Explain the major activities involved in the physical distribution of products.
Once the good are produced, packaged, promoted, branded and priced they must be made available to the consumers. That is, they must be moved from the place where they are produced to the place where they would be consumed. This physical movement of products from the place of production to the place of consumption is known as physical distribution of products. It involves the following four major activities.
1. Processing of Order :- Processing of order and delivery of goods is the most important component of buyer-seller relationship. Processing of order comprises of a number of a steps such as placement of order, transmission of the order by the intermediaries to the manufacturer, maintenance of inventory as per the requirement, delivery of goods, etc. All such processes take time. Physical distribution system should be such that it should ensure speedy and proper order processing. Generally, there exists a direct relationship between speed and accuracy of order processing and customer satisfaction. Fast and accurate order processing provides a consumer greater satisfaction. Thus, a proper system of order processing is of vital importance.
2. Transportation of Products :- Transportation of products refers to the physical movement of goods from the place where they are manufactured to the place where they are consumed. The potential consumers of a product are spread across a large geographical area. To make the goods physically available to them, they must be transported from the place of production to the place of consumption. Unless the products are physically transported and made available at the place of consumption, sale cannot take place.
3. Warehousing :- Generally, there is a time lag between the act of production and the act of sale or consumption. This implies that the goods must be properly stored and assorted before the actual sale takes place. This process of storing and assorting the products is known as warehousing. Proper warehousing ensures efficiency in delivery and sale of products which in turn results in greater customer satisfaction. For example, through warehousing a company can maintain stock of products and ensure timely delivery of goods as and when required. However, maintaining warehouses involves its own cost. Thus, a company must weigh the relative benefits and costs associated with warehousing and maintain a balance between the two as per the requirement.

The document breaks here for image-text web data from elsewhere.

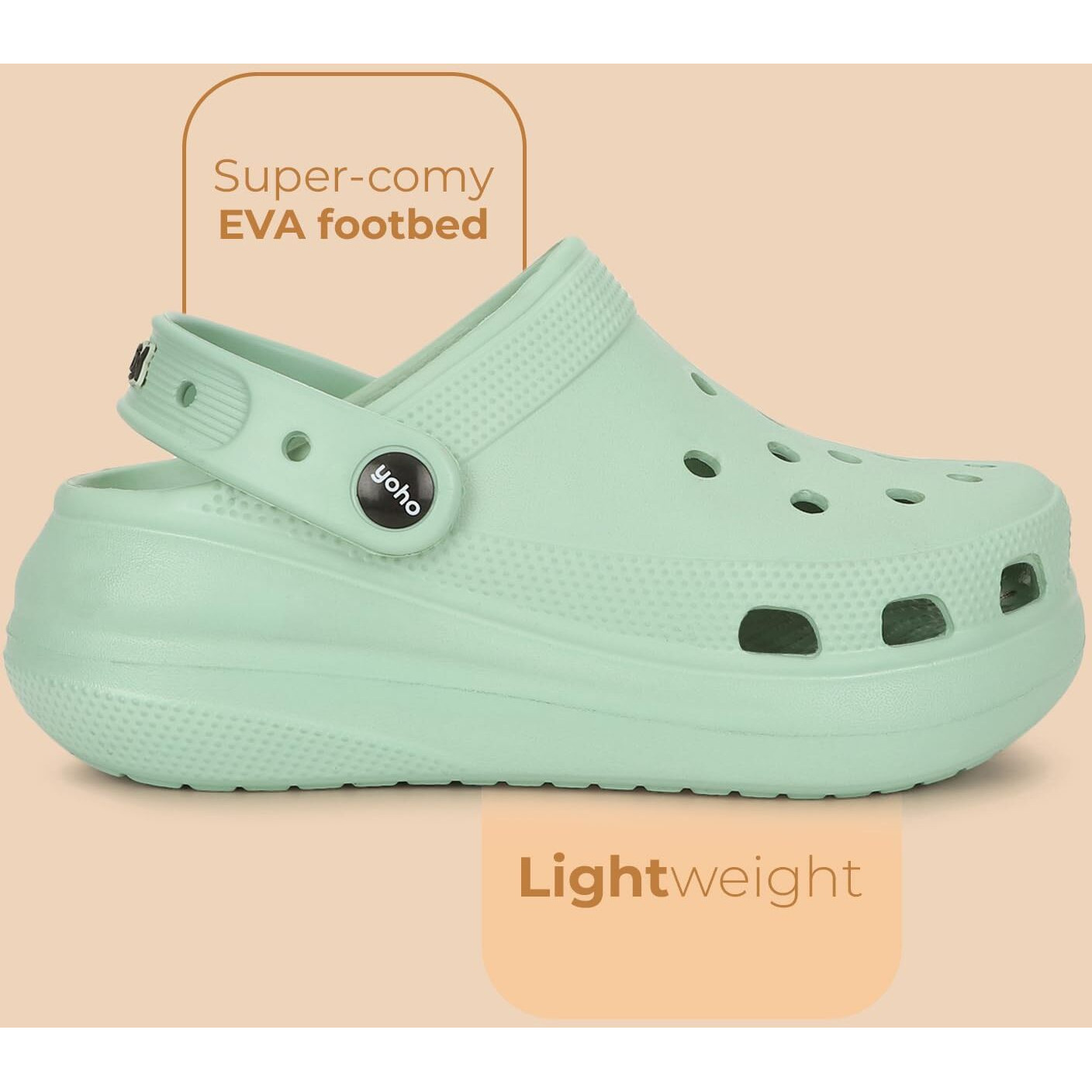 YOHO High Heel Clogs for Women | Cushioned Footwear | Lightweight | Waterproof Clogs for Women Pastel Green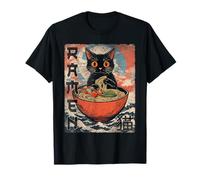 Cat Ramen Shirts Japanese Funny MensGraphic Kawaii Anime Cat T-Shirt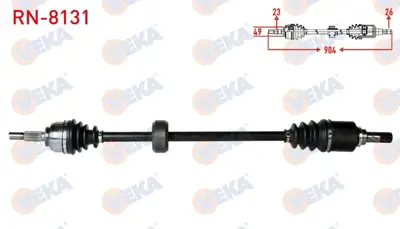 VEKA RN-8131 Komple Aks Sağ On Renault Symbol Iıı (Jz0-1) 1.5 Dcı Uzunluk 904mm 2012-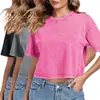 Camiseta de algodón puro para mujer, estilo retro americano lavado, 230 g, de verano, top corto de manga corta de alta costura, moderno para chicas calientes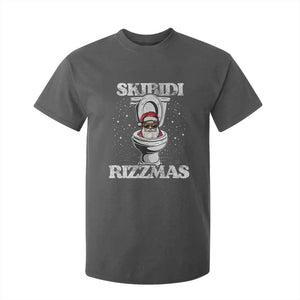 Funny Christmas T Shirt For Kid Skibidi Rizzmas Rizz Santa Toilet Kid Cool TS10 Dark Heather Print Your Wear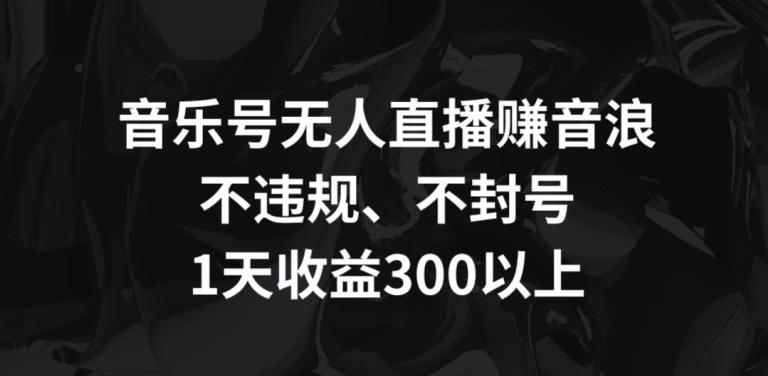 音乐号无人直播赚音浪，不违规、不封号，1天收益300+【揭秘】-卿云社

4. Maintenance of Inventory :- Inventory implies maintaining a stock of products. The firms maintain inventory so as to ensure timely supply of products. Inventory shares a direct relation with customer service. Maintenance of higher inventory helps a firm in ensuring timely delivery of goods to the customers and thereby, improve customer service. However, maintenance of inventory involves a cost as a huge amount of capital remains tied up in the stock unless it is sold. Thus, the firms must strike a balance between customer service and cost. A firms’ decision to maintain inventory is based on several factors such as how well the distribution system responds to the orders and the deliveries, cost involved in holding the inventory, firms’ objectives, etc. An appropriate inventory must be decided by the firm keeping in consideration the various costs and benefits involved.